"Haunting" is an overused adjective, but it still defines Mirel Wagner's music perfectly.
It certainly applied to her self-titled debut, which brought folk and blues back to their eldritch roots with songs that fell somewhere between nursery rhymes, fairy tales, and murder ballads.
It's an even more apt description of her intensely beautiful and unsettling second album, When the Cellar Children See the Light of Day.
Wagner collaborated with Finnish producer Sasu Ripatti, best known for his work as Luomo and Vladislav Delay; not an obvious choice, considering that his music is largely electronic.
However, Ripatti honors her songs by giving them the cleanest, clearest surroundings possible, highlighting her hypnotic fingerpicking on "Dreamt of a Wave" and "The Devil's Tongue." Perhaps even more so than on her debut, When the Cellar Children's spaces are as eloquent as the music, while subtle effects and slightly fuller instrumentation hover between real and surreal as needed.
When the spectral backing vocals float up on "Oak Tree," a song about an abandoned child who ends up "dreaming underneath," it's spine-tingling.

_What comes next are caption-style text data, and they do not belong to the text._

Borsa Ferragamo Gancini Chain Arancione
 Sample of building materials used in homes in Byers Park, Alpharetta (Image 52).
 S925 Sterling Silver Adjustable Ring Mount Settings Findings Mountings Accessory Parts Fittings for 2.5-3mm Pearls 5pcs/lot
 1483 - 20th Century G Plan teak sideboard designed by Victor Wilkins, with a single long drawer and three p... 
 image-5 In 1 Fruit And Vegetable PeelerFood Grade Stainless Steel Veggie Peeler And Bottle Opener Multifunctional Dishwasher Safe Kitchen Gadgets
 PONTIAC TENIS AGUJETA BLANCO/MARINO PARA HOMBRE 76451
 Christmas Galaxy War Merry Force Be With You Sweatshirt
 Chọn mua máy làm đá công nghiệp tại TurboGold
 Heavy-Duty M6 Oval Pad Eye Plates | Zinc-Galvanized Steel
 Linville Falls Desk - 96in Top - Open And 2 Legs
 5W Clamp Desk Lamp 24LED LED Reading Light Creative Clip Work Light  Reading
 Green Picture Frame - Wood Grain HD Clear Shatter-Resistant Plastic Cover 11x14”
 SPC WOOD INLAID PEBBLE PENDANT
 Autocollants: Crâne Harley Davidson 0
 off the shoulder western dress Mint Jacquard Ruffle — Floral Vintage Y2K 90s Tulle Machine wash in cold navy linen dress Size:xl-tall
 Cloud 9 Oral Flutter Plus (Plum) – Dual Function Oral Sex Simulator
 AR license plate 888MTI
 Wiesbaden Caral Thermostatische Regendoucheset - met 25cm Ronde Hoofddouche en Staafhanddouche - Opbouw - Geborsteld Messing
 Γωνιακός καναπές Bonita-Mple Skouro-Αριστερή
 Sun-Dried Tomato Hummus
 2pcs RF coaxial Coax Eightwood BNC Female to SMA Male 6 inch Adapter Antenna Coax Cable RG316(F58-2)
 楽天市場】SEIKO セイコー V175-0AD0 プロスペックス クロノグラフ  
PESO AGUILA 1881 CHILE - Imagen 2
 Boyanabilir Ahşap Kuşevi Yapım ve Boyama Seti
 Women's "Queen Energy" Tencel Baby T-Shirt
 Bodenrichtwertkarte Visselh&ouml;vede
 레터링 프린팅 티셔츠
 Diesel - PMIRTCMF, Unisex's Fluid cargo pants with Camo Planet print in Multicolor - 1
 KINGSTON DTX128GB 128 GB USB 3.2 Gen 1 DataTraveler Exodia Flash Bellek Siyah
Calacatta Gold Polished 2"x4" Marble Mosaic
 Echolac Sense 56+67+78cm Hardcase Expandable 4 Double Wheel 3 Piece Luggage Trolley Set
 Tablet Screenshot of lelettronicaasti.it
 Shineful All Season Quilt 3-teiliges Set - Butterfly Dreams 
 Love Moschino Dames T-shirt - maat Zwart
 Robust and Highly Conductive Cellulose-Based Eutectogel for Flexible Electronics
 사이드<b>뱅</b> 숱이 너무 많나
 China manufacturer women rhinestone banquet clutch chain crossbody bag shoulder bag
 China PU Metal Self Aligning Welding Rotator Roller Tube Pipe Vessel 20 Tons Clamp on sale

Aptly, the motif of buried children runs through the album, but When the Cellar Children See the Light of Day is more about revealing than rescuing.
Freedom usually means death, as on "The Dirt," where a child is ready to "close my eyes and wake up to a new life." This poetic simplicity makes Wagner's storytelling all the more poignant and often horrifying; as with her playing, she implies a wealth of nuances in seemingly direct phrases.
"In My Father's House" paints a portrait of deceptive serenity as Wagner details a household so full of suppressed terror that even "the pictures on the wall never look into your eyes" over velvety strumming.
On "Taller Than Tall Trees," she distills an ambivalent love story filled with an album's worth of emotional twists and turns in its opening words: "See a girl dressed as a woman/Here's a man who lies." Wagner (and Ripatti)'s technical prowess only enhances the album's emotional impact.
Where Mirel Wagner was a collection of vignettes, these songs revolve around the terrible things people do in the name of love, whether it's "What Love Looks Like"'s bitter recriminations, "Goodnight"'s murder lullaby, or the eerily matter-of-fact opener "1 2 3 4," where a child killer professes to have "a big big heart and lots of love." As accomplished as it is disturbing, When the Cellar Children See the Light of Day is a riveting album from a formidable and yes, haunting, talent.